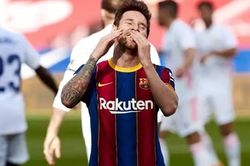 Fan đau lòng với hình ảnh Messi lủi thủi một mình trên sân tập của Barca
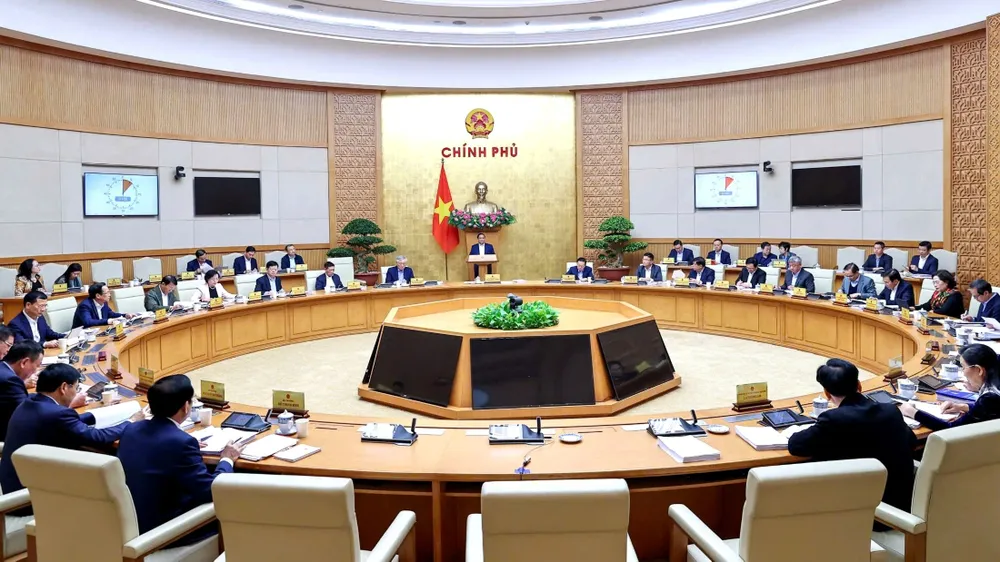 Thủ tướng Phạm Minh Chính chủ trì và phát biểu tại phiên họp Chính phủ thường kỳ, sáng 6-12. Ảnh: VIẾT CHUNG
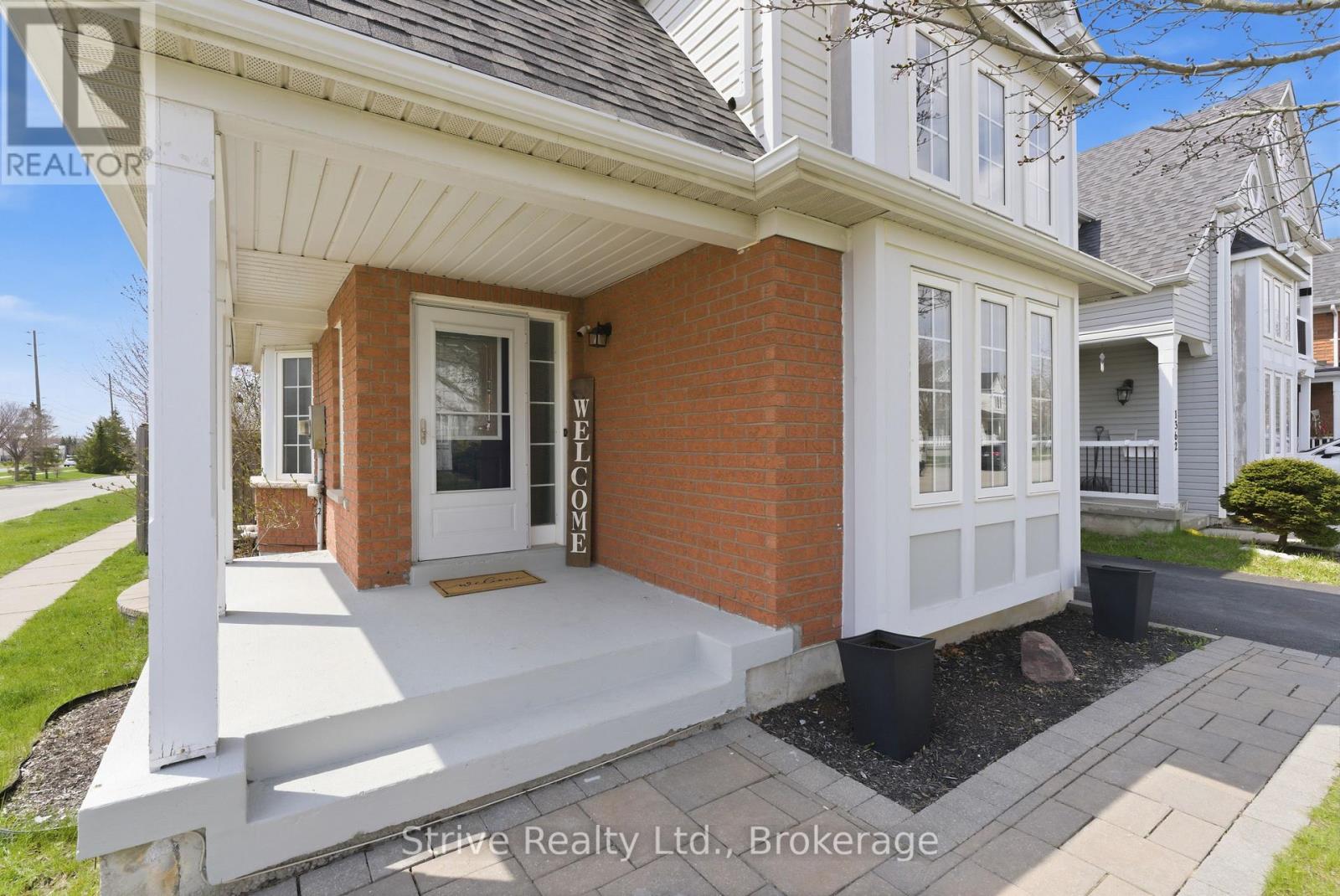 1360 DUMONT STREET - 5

ACTION ITEM:
Pictures aside, give the data again exactly as it appears.

EXPECTED ANSWER:
 Fan đau lòng với hình ảnh Messi lủi thủi một mình trên sân tập của Barca
 Thủ tướng Phạm Minh Chính chủ trì và phát biểu tại phiên họp Chính phủ thường kỳ, sáng 6-12. Ảnh: VIẾT CHUNG
 1360 DUMONT STREET - 5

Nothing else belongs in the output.